If you would like to learn more about SQLite support in ODB, the best place to start is Chapter 11, “SQLite Database” in the ODB Manual.

ODB 1.2.0 released

March 16th, 2011

ODB 1.2.0 was released today. In case you are not familiar with ODB, it is an object-relational mapping (ORM) system for C++. It allows you to persist C++ objects to a relational database without having to deal with tables, columns, or SQL, or manually writing any of the mapping code.

This version includes a number of major new features, small improvements, and bug fixes. For an exhaustive list of changes see the official ODB 1.2.0 release announcement. In this post I am going to examine the most notable new features in more detail.

But before we move to the technical matters, I would like to make a different kind of announcement: Constantin Michael has joined the ODB development team. For this release he focused on the Boost profile, discussed next.

Boost profile

You might have noticed that the previous release added profiles as a new feature. We didn’t discuss it much then because there were no profile implementations available at that time. It was just the ODB compiler infrastructure that we were preparing for the first profile implementation. Well, the 1.2.0 release adds the first profile implementation to ODB: the Boost profile.
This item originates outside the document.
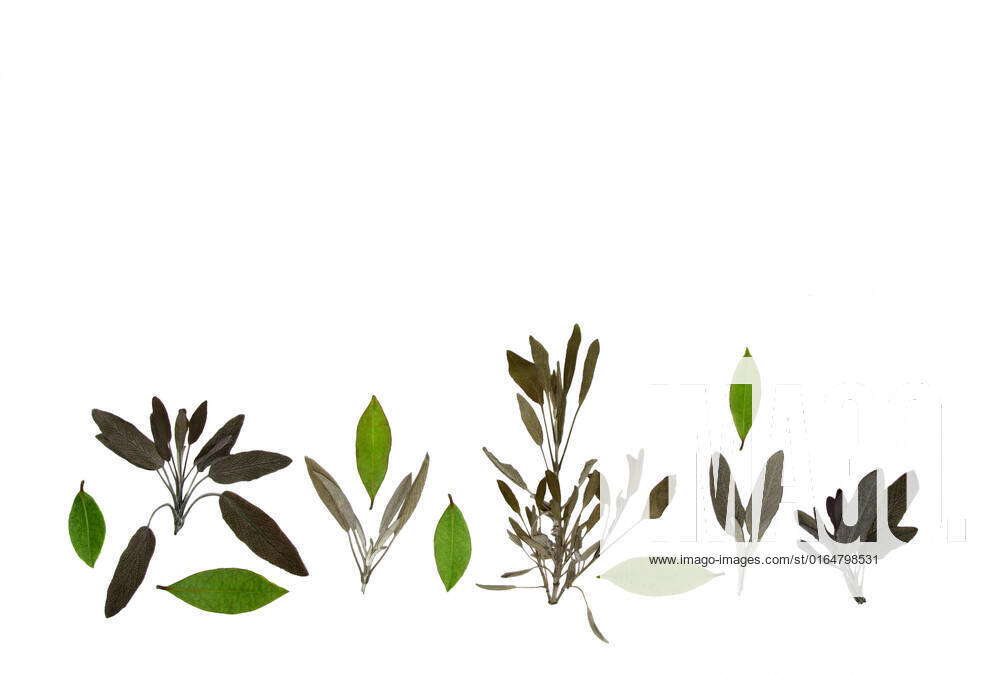 Abstract design of dried pressed sage and bay leaves, against white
ODB profiles are a generic mechanism for integrating ODB with widely-used C++ frameworks and libraries. A profile provides glue code which allows us to seamlessly persist various components, such as smart pointers, containers, and value types found in these frameworks and libraries.

In this initial release the Boost profile covers the most commonly used types from the smart_ptr, unordered, and date_time Boost libraries. For example, now we can write:

#pragma db object
class employee
{
  ...
 
  boost::gregorian::date born_;
  boost::unordered_set<std::string> emails_;
  boost::shared_ptr<employer> employer_;
};

As is evident from the code fragment above, we don’t need to do anything special to use Boost types in our persistent classes. Are there any other actions that we need to perform for the above code to work?
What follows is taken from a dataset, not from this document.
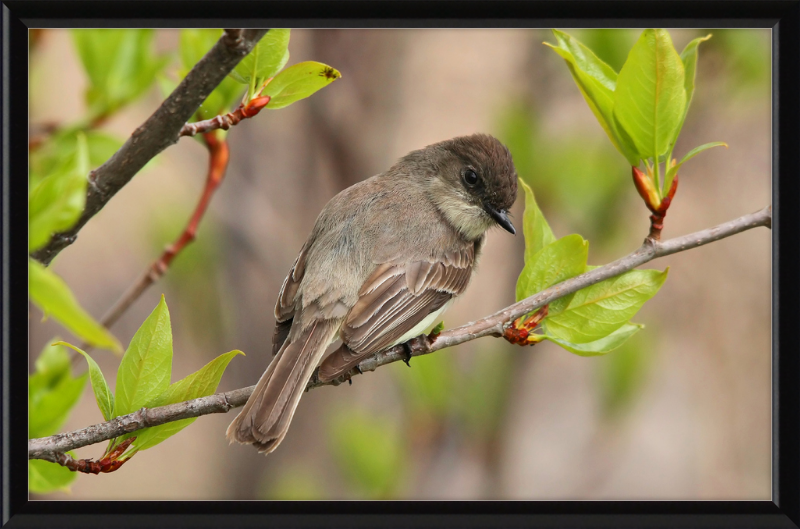 Sayornis phoebe - Great Pictures Framed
As mentioned above, ODB profiles are a generic mechanism that can be used to integrate ODB with a type-system of any third-party library. For example, we are currently working on another profile, this time for the Qt framework. So the ODB compiler and its runtime library don’t know anything about, say, Boost or Qt. Rather, they provide general integration support. The code that is necessary to implement a profile is packaged into a separate library called a profile library. The Boost profile implementation is provided by the libodb-boost profile library.
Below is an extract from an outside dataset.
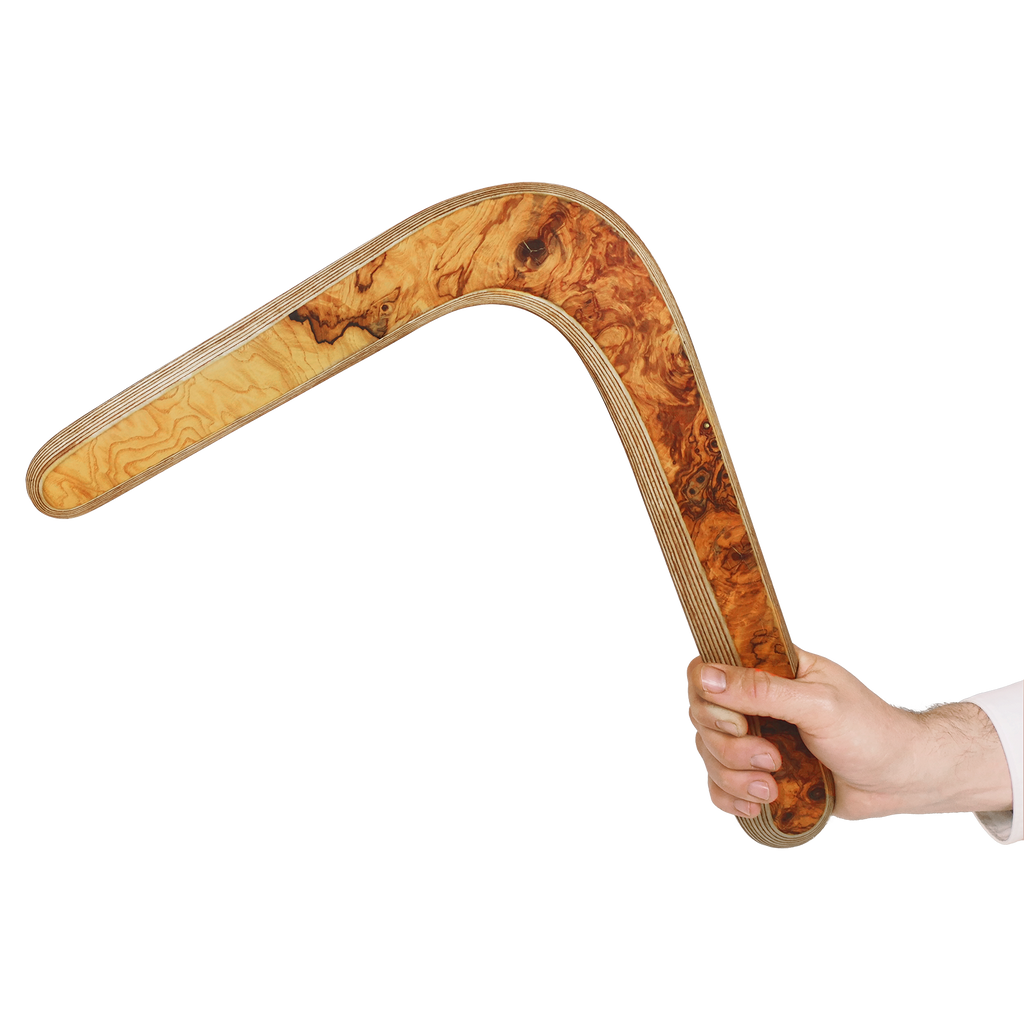Image of Majestro size comparison shot a Hand holding angular olive wood boomerang image with rich marbled burl wood texture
Now, back to our question. What do we need to do to be able to write the above code in an application that uses ODB? There are three simple steps:

  1. Download and build the profile library.
  2. Specify the profile you would like to use when invoking the ODB compiler. For example:
    odb -d mysql --profile boost employee.hxx
    
  3. Link the profile library to your application.

And that’s it. That’s all we need to do. For more detailed information on ODB profiles in general refer to Chapter 11, “Profiles Introduction” in the ODB Manual. For more information on the Boost profile see Chapter 12, “Boost Profile”.

Embedded database schema

ODB now supports embedding the database schema into the generated C++ code in addition to generating the schema as a standalone SQL file. The new ODB compiler option that allows you to select between the two approaches is --schema-format. For example:

odb -d mysql --generate-schema --schema-format embedded ...

The API usage for creating the database schema from within the application looks like this:

#include <odb/schema-catalog.hxx>
 
database& db = ...
 
transaction t (db.begin ());
schema_catalog::create_schema (db);
t.commit ();

For more details refer to Section 3.3, “Database” in the ODB Manual as well as the schema/embedded example in the odb-examples package.

There are also other important features in this release, including, transparent database reconnection, recoverable exceptions (connection_lost, timeout, and deadlock), and support for the default ODB compiler options file which can be used for installation-wide customizations. Refer to the official ODB 1.2.0 release announcement for more details on these and other features.